__Activity__
Take the lines below from the one with "Hello everybody and" through the one with "I didn't duck." and retype them exactly. Include nothing else, and no pictures.

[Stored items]
------------
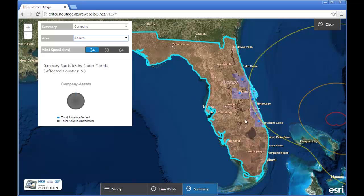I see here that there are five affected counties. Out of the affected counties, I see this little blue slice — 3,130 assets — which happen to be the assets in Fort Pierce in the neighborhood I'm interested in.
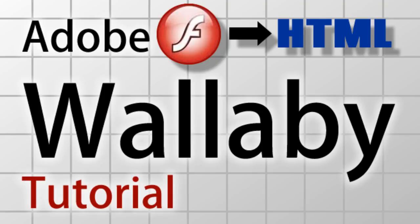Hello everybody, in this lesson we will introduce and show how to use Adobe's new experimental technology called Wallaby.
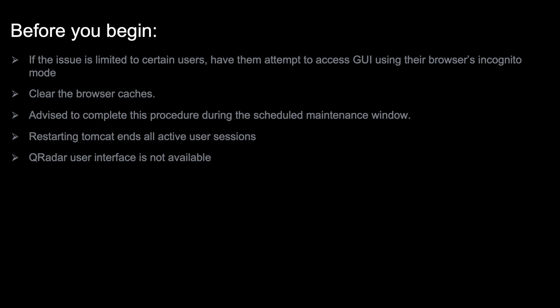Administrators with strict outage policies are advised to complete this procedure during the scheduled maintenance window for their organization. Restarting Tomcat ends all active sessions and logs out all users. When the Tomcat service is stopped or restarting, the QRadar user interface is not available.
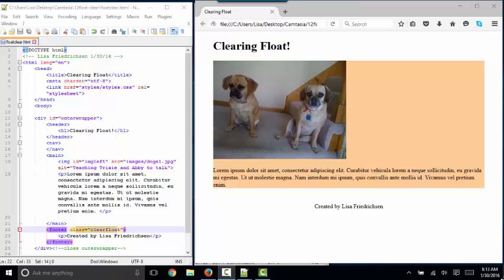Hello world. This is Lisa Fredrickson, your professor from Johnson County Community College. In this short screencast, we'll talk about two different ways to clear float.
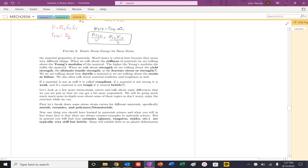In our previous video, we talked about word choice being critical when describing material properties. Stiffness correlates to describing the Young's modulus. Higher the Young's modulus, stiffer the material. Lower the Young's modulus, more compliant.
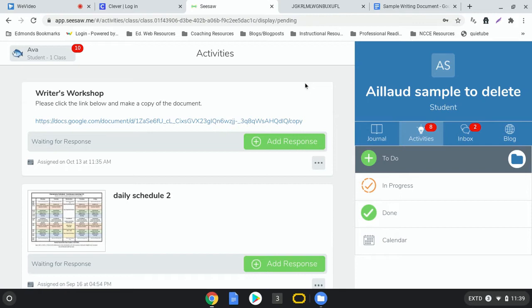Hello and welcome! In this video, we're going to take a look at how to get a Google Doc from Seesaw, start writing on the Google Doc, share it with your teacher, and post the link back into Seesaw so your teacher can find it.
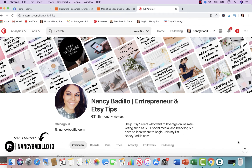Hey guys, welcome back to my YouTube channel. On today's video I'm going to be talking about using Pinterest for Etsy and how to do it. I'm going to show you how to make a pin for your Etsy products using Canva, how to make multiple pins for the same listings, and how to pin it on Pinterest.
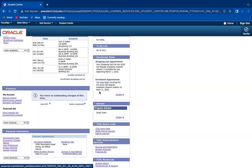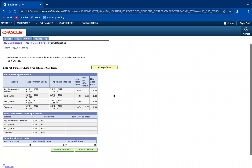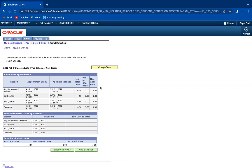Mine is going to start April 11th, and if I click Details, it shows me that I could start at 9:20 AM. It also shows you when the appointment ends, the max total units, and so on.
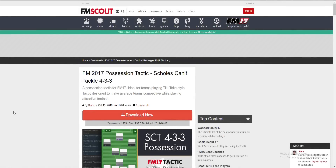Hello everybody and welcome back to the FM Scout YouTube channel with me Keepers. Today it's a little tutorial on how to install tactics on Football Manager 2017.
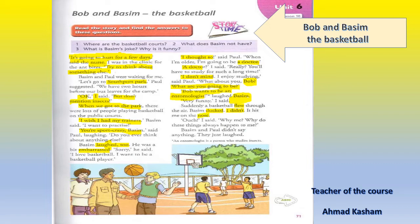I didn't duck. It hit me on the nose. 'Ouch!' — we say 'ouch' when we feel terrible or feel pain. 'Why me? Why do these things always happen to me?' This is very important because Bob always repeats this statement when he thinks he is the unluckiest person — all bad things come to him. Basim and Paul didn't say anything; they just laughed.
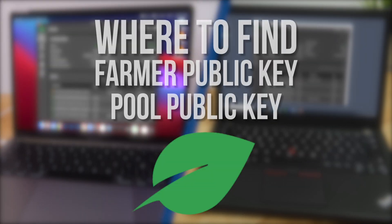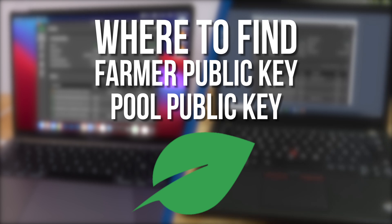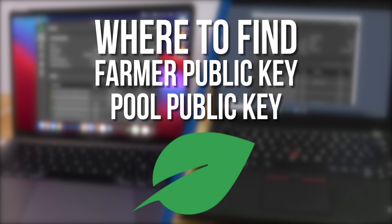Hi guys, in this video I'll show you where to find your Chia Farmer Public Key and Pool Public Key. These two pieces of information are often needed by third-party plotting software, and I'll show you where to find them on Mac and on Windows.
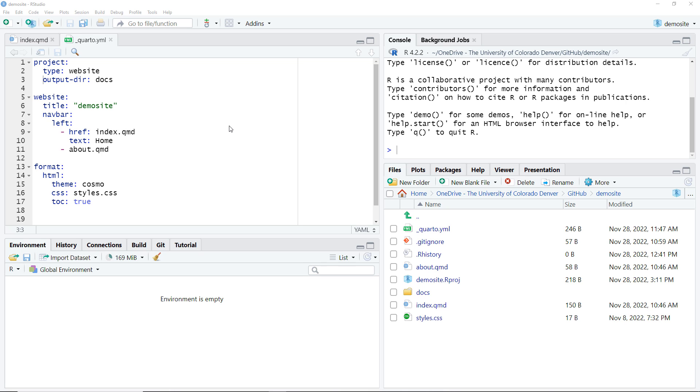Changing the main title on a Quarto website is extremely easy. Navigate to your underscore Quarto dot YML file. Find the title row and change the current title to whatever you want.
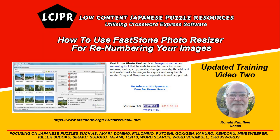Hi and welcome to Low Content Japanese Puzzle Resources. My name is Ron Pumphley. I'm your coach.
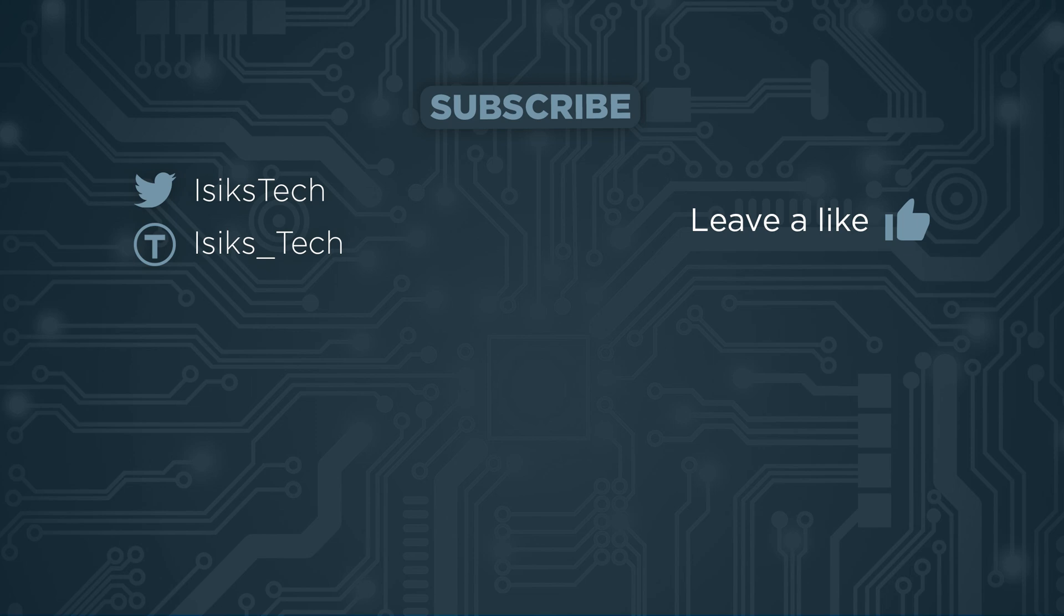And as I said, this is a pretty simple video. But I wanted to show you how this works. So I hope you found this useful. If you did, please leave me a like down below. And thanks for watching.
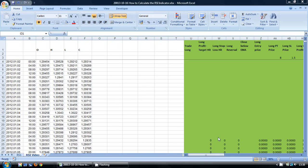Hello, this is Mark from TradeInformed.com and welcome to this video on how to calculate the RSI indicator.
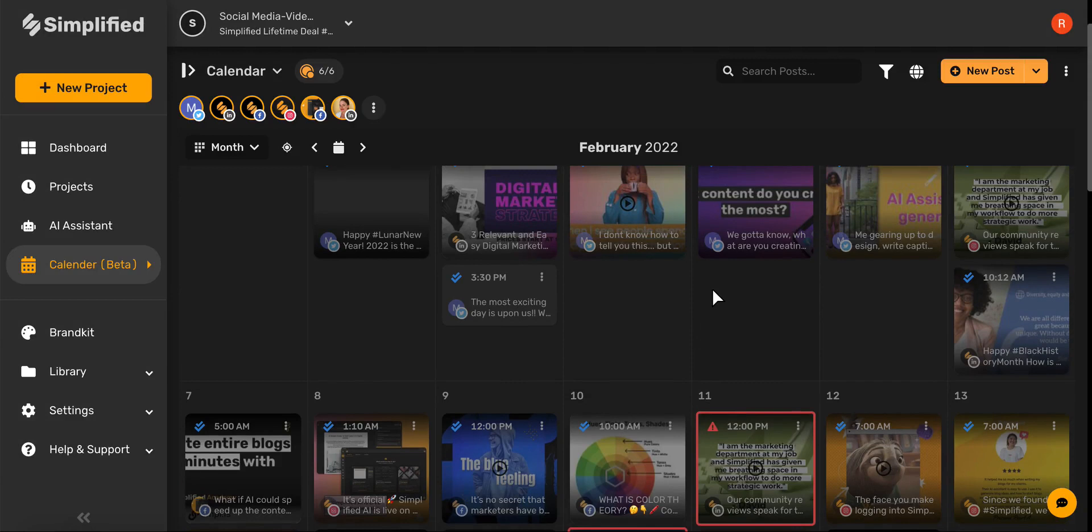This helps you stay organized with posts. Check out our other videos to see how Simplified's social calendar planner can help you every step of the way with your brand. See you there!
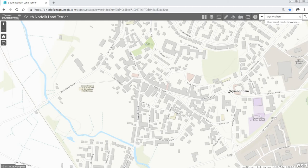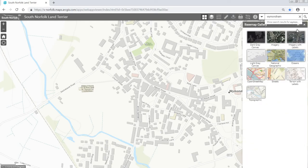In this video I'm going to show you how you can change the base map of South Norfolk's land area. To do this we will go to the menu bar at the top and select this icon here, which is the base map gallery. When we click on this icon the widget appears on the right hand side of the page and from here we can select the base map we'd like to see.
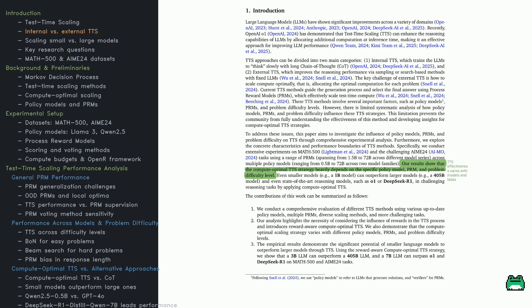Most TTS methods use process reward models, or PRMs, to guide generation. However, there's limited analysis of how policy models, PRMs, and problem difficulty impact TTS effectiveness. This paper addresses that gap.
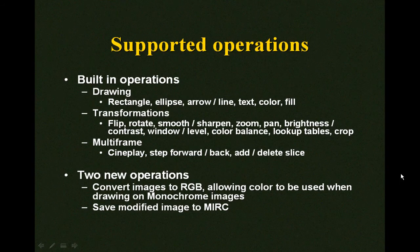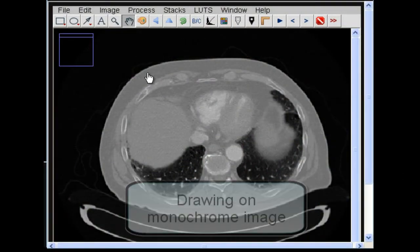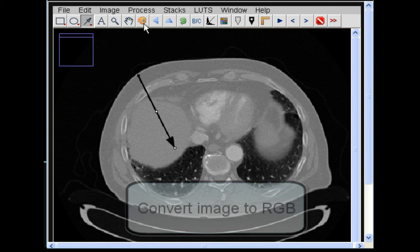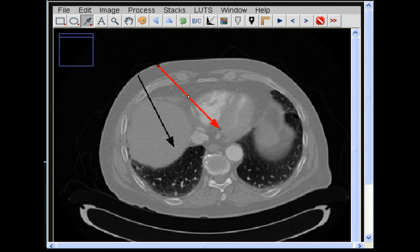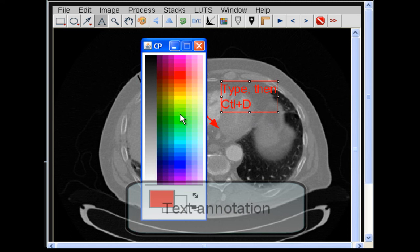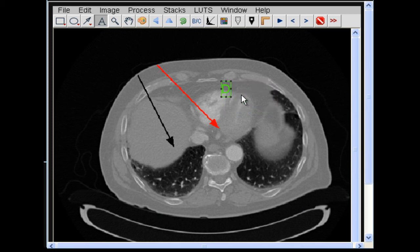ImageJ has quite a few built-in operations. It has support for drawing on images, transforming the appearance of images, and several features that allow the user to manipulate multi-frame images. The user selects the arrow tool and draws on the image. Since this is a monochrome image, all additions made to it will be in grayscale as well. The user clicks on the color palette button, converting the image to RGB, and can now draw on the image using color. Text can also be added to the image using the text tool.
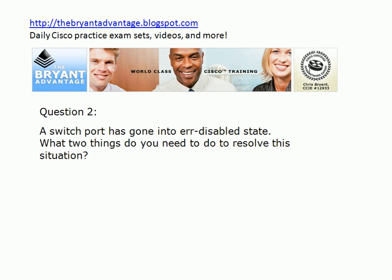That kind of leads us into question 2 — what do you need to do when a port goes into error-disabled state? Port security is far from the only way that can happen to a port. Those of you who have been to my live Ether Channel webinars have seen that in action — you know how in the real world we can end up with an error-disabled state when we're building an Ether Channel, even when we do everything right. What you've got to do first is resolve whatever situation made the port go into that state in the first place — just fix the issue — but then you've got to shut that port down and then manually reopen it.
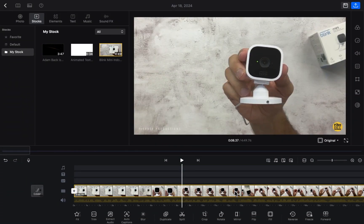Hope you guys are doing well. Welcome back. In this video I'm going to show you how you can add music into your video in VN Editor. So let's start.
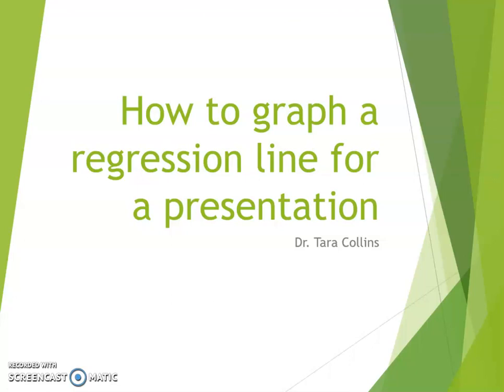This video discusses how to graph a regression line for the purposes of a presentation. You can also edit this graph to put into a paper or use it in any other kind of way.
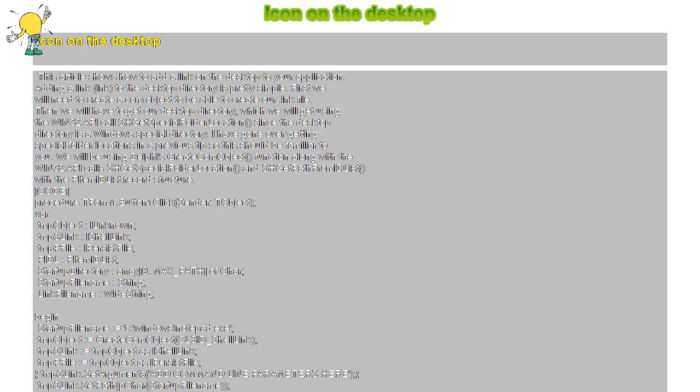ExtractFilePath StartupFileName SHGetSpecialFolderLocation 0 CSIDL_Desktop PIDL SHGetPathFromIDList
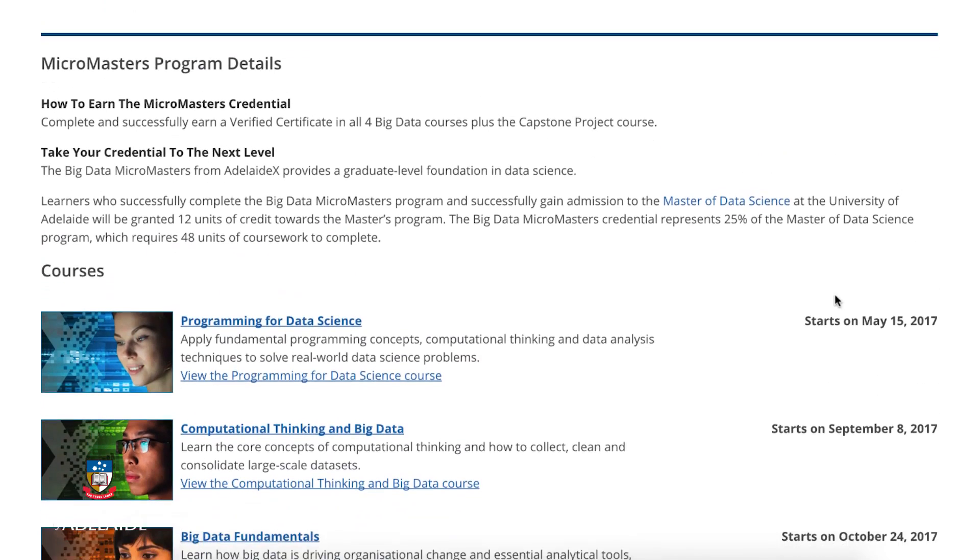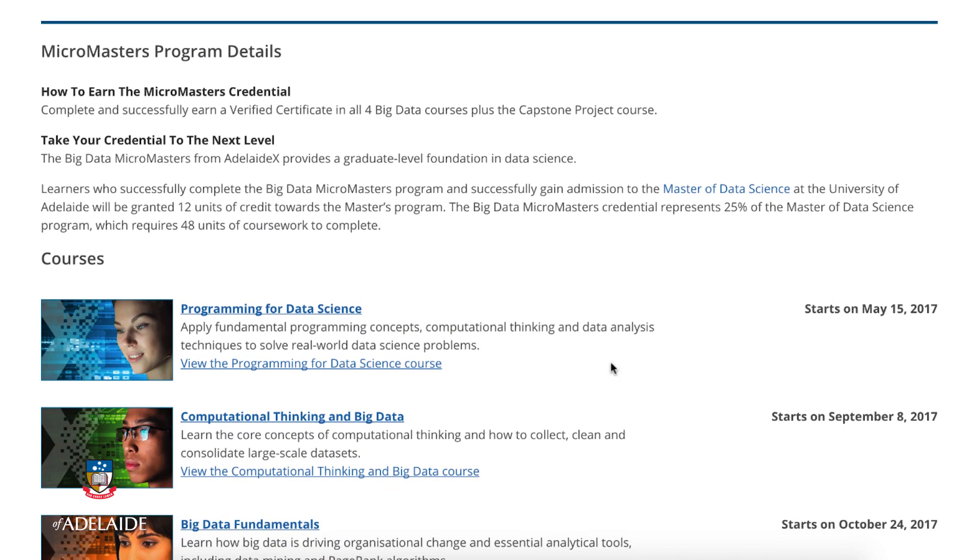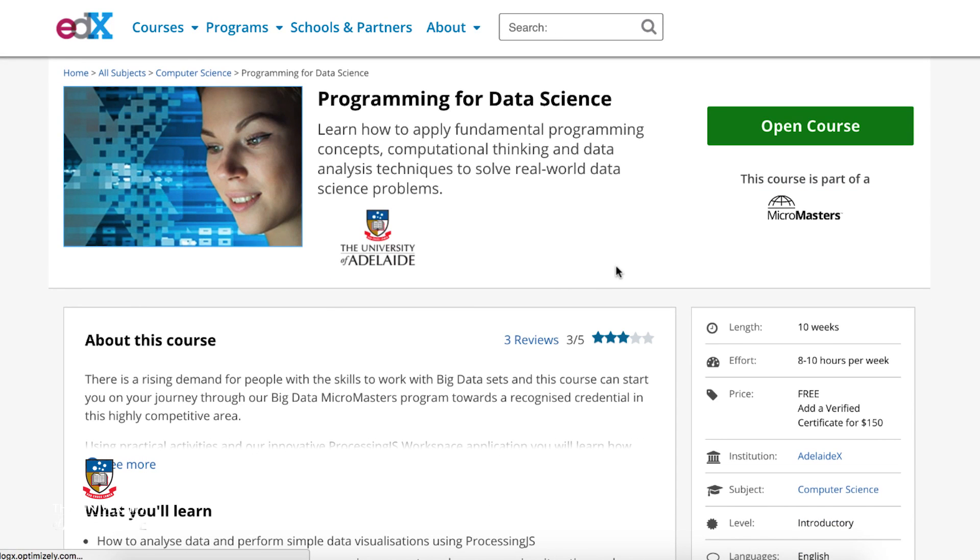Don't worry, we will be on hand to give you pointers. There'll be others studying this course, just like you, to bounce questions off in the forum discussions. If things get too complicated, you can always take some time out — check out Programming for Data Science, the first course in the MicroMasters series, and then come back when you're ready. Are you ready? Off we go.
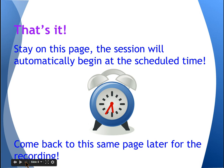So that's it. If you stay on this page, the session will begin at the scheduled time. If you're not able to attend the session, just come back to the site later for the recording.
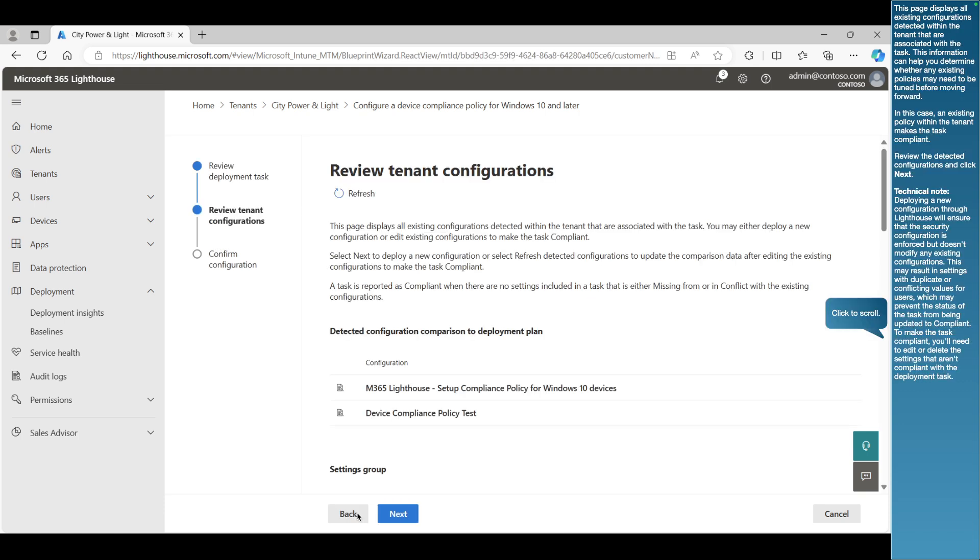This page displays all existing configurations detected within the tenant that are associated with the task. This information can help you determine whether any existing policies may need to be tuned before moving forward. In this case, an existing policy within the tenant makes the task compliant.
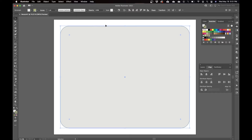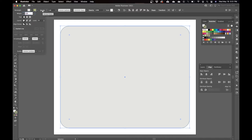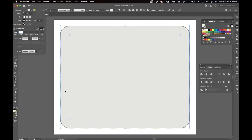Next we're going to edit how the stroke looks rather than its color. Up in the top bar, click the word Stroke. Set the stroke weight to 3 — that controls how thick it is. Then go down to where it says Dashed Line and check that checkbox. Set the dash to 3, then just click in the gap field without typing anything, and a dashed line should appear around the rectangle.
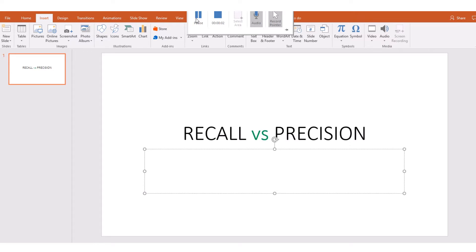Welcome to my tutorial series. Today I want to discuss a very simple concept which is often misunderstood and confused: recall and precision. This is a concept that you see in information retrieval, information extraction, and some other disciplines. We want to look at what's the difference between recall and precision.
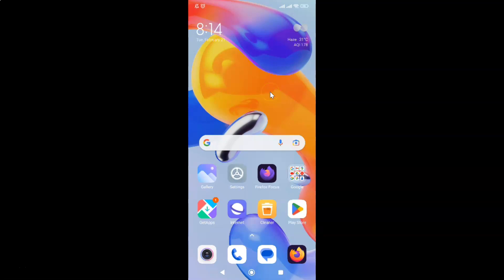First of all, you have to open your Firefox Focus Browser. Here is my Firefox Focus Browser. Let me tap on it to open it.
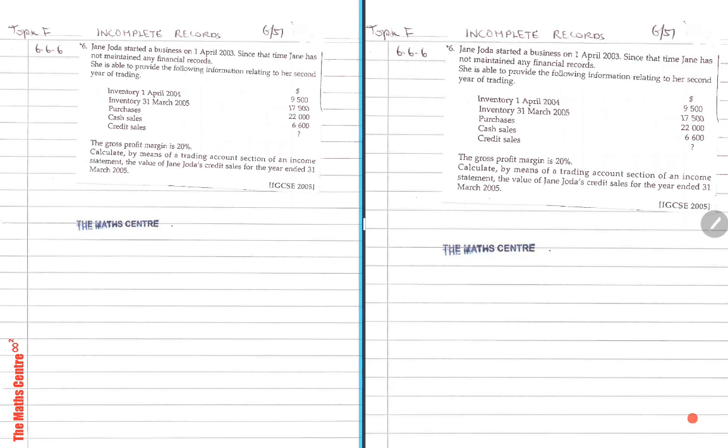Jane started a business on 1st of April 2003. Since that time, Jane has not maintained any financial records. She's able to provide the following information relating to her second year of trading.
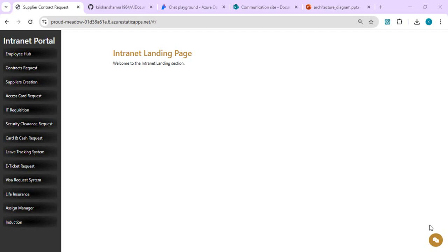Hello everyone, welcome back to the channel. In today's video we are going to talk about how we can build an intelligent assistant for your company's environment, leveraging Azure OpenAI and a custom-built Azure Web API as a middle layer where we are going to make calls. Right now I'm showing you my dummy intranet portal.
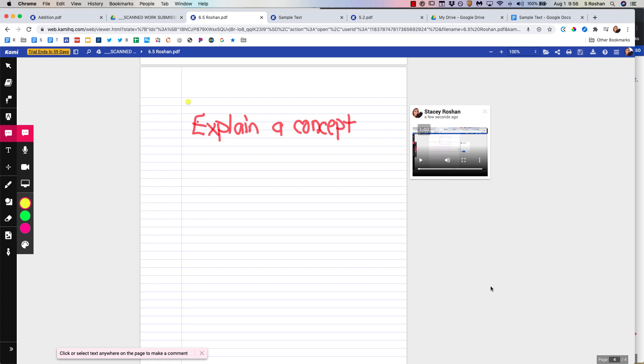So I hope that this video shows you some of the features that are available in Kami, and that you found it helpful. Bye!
------------
__Result of this task__
Hello everybody and welcome back to the FM Scout YouTube channel with me Keepers. Today it's a little tutorial on how to install tactics on Football Manager 2017.
I didn't duck. It hit me on the nose. 'Ouch!' — we say 'ouch' when we feel terrible or feel pain. 'Why me? Why do these things always happen to me?' This is very important because Bob always repeats this statement when he thinks he is the unluckiest person — all bad things come to him. Basim and Paul didn't say anything; they just laughed.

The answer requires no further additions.